▸ **What the exercise asks**
Reproduce exactly the lines from the one containing "Фигурка Панда+подвески, Crystal Surprise Фигурка" through the end of the entries, including both. Drop the pictures.

▸ **Provided records**
◆ ◆ ◆ ◆

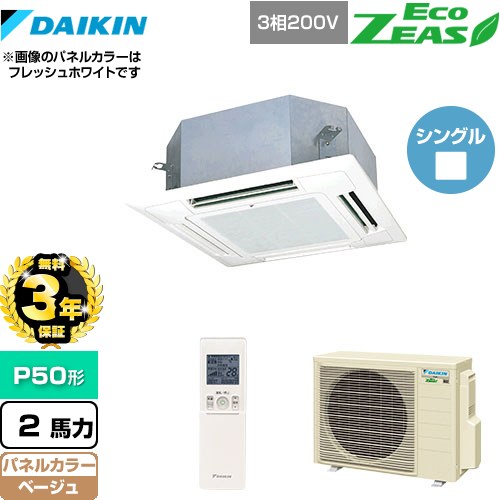 【無料3年保証】 ダイキン EcoZEAS エコジアス 業務用エアコン 天井埋込カセット形 マルチフロータイプ ショーカセ P50形 2馬力相当  ベージュ 【直送 代引・土日祝配送 不可】 ≪SZRN50BYNT-C≫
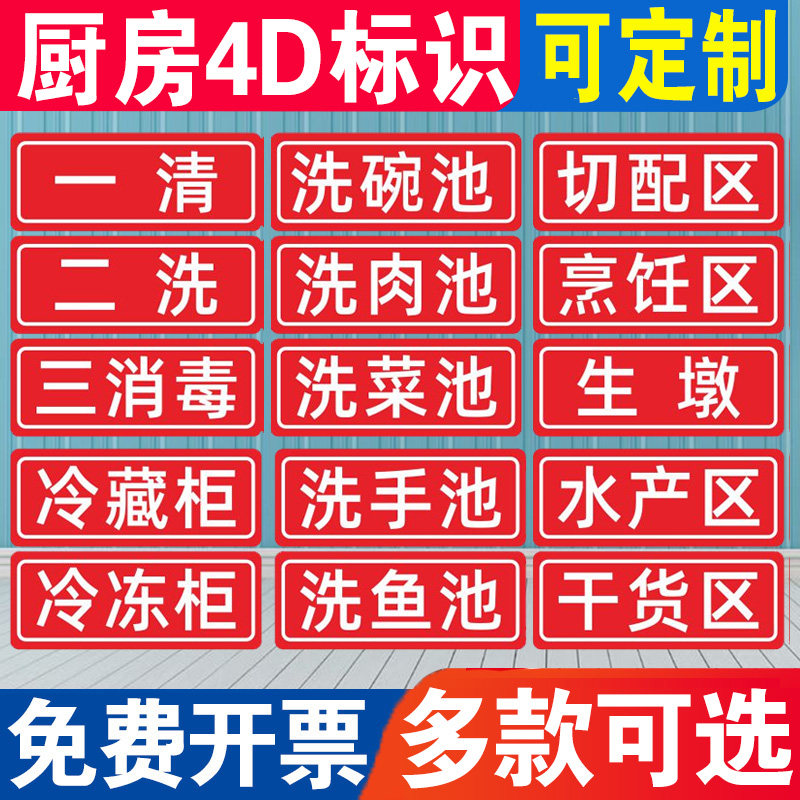 厨房标识牌食堂重地闲人免进一清二洗三消毒标识牌分区标签贴纸酒店幼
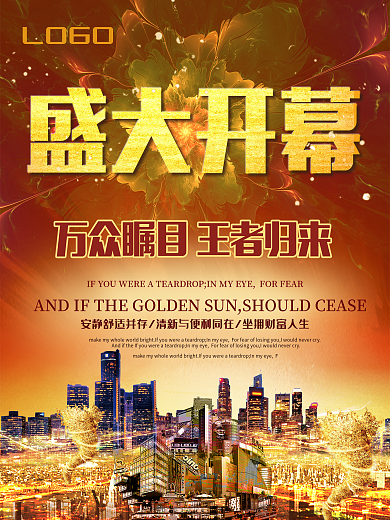 盛大开幕地产海报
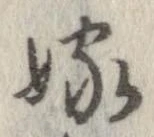 嫁 위치 확인됨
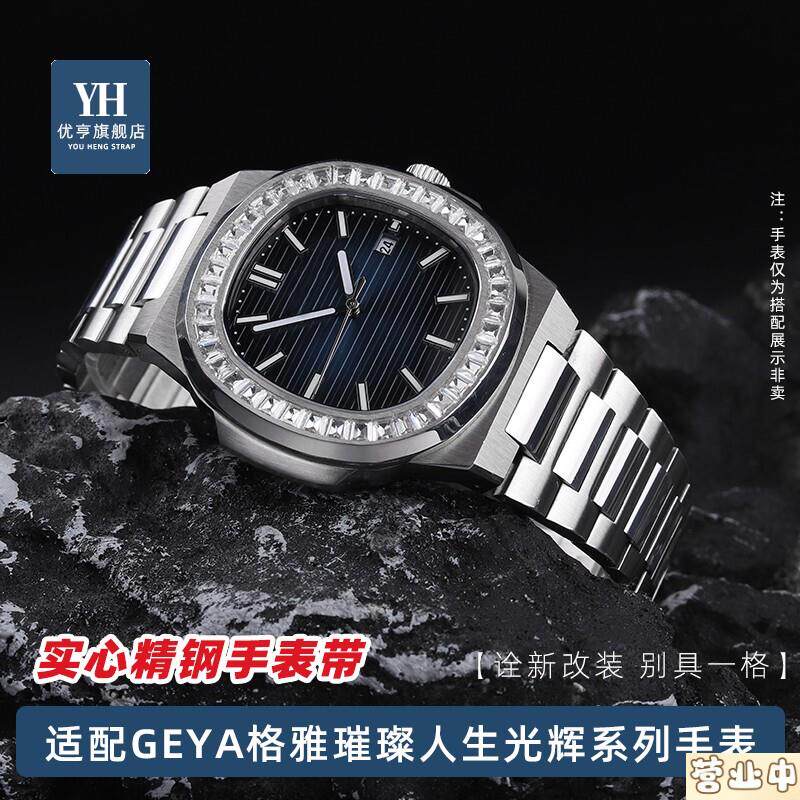 原装品质适配格雅GEYA璀璨人生光辉系列表780787807278095精钢手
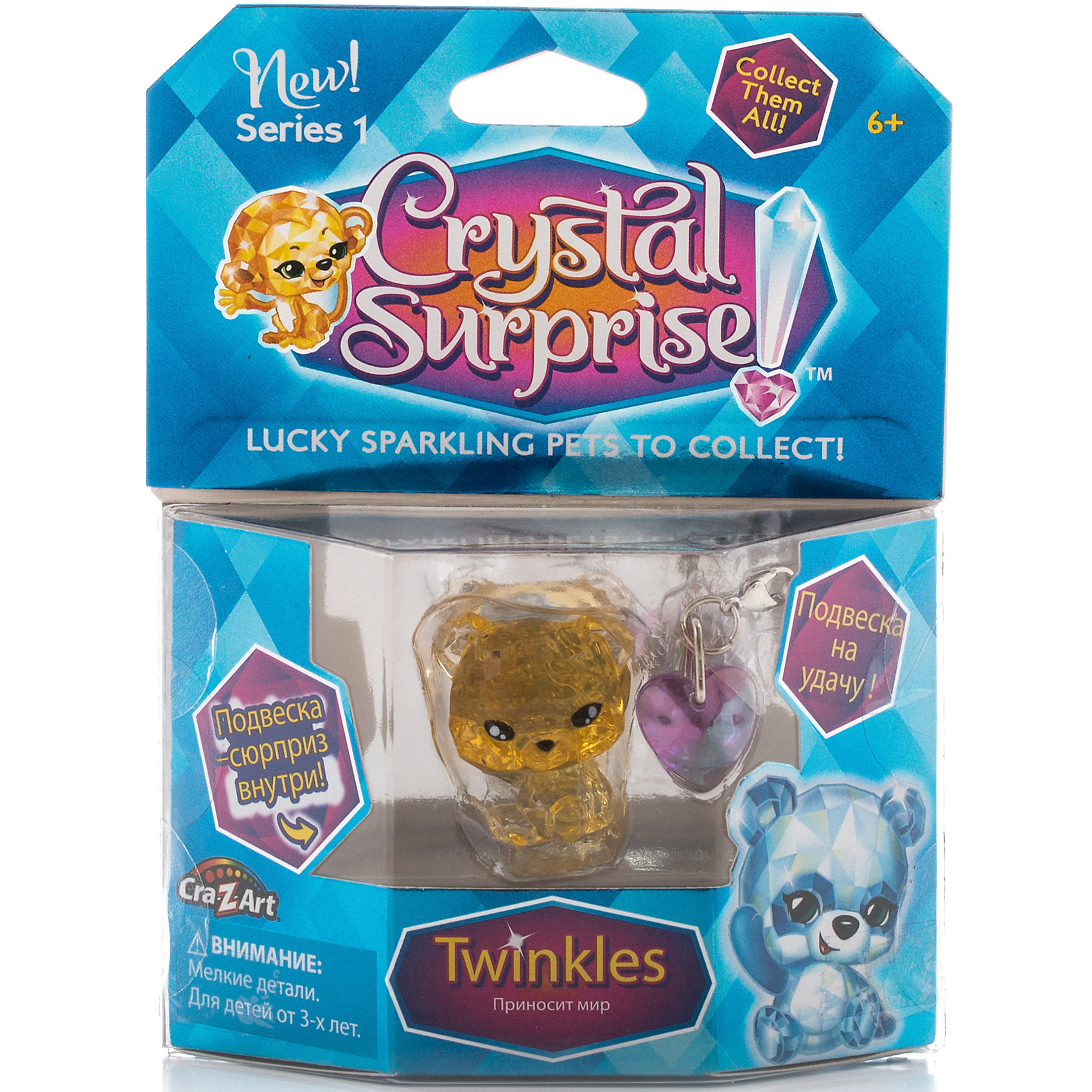 Фигурка Панда+подвески, Crystal Surprise Фигурка Панда+подвески, Crystal SurpriseМир животных<br>Фигурка Crystal Surprise - искрящийся на солнце талисман. Эти волшебные зверьки будто сияют магией! Кристальные фигурки выполнены из высококачественного полупрозрачного пластика. У каждого зверька свой цвет и своя, особенная, история. Панда Твинклс (Twinkles) - фигурка талисман, которая приносит мир. Медвежонок очень добрый и всегда огорчается, когда кто-то ссориться. Его волшебная сила помогает не допустить конфликтов и сохранить дружбу. Фигурка сделана из полупрозрачного материала с ярким желтым оттенком. В комплект, также, входит буклет коллекционера и украшения для девочек - подвеска в виде сердечка и подвеска-сюрприз. Их можно повесить на рюкзак, использовать как брелок или украсить свой браслет.<br><br>Ширина мм: 110<br>Глубина мм: 150<br>Высота мм: 30<br>Вес г: 46<br>Возраст от месяцев: 36<br>Возраст до месяцев: 192<br>Пол: Женский<br>Возраст: Детский<br>SKU: 4663706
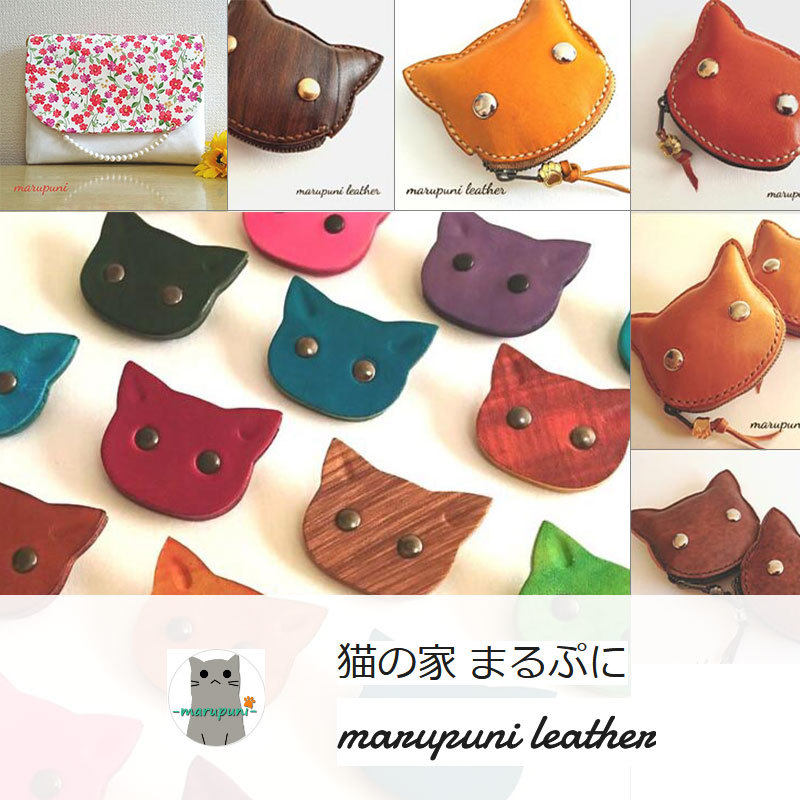 ハンドメイド作家、猫の家 まるぷに様・marupuni leather様の作品ご紹介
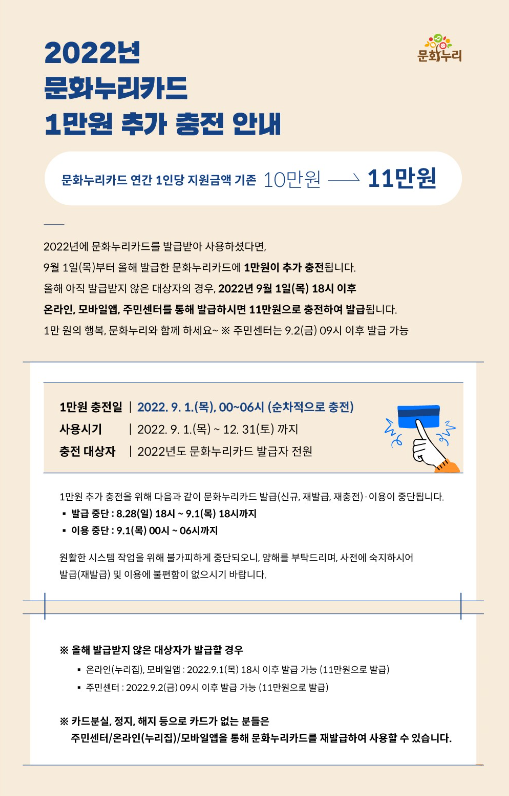 화면 캡처 2022-08-25 111342.png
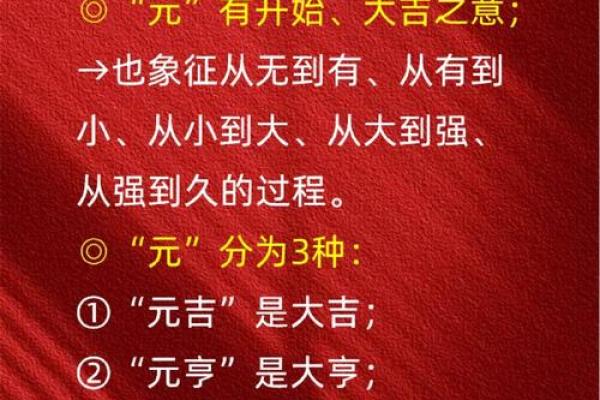 李元命理解惑：命运不同，合婚真的能改运吗？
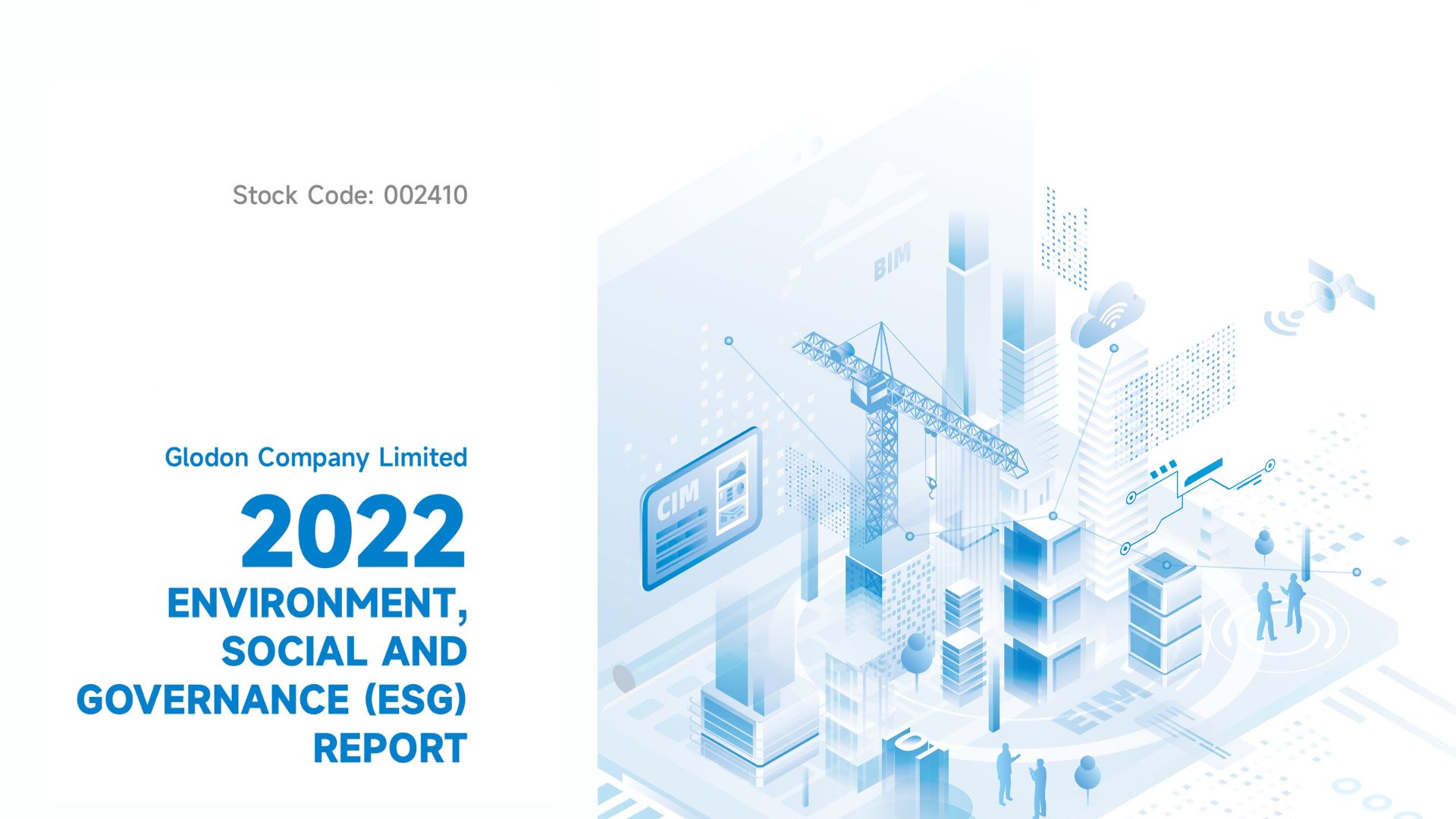 Glodon ESG Report 2022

◆ ◆ ◆ ◆

▸ **Your response**
 Фигурка Панда+подвески, Crystal Surprise Фигурка Панда+подвески, Crystal SurpriseМир животных<br>Фигурка Crystal Surprise - искрящийся на солнце талисман. Эти волшебные зверьки будто сияют магией! Кристальные фигурки выполнены из высококачественного полупрозрачного пластика. У каждого зверька свой цвет и своя, особенная, история. Панда Твинклс (Twinkles) - фигурка талисман, которая приносит мир. Медвежонок очень добрый и всегда огорчается, когда кто-то ссориться. Его волшебная сила помогает не допустить конфликтов и сохранить дружбу. Фигурка сделана из полупрозрачного материала с ярким желтым оттенком. В комплект, также, входит буклет коллекционера и украшения для девочек - подвеска в виде сердечка и подвеска-сюрприз. Их можно повесить на рюкзак, использовать как брелок или украсить свой браслет.<br><br>Ширина мм: 110<br>Глубина мм: 150<br>Высота мм: 30<br>Вес г: 46<br>Возраст от месяцев: 36<br>Возраст до месяцев: 192<br>Пол: Женский<br>Возраст: Детский<br>SKU: 4663706
 ハンドメイド作家、猫の家 まるぷに様・marupuni leather様の作品ご紹介
 화면 캡처 2022-08-25 111342.png
 李元命理解惑：命运不同，合婚真的能改运吗？
 Glodon ESG Report 2022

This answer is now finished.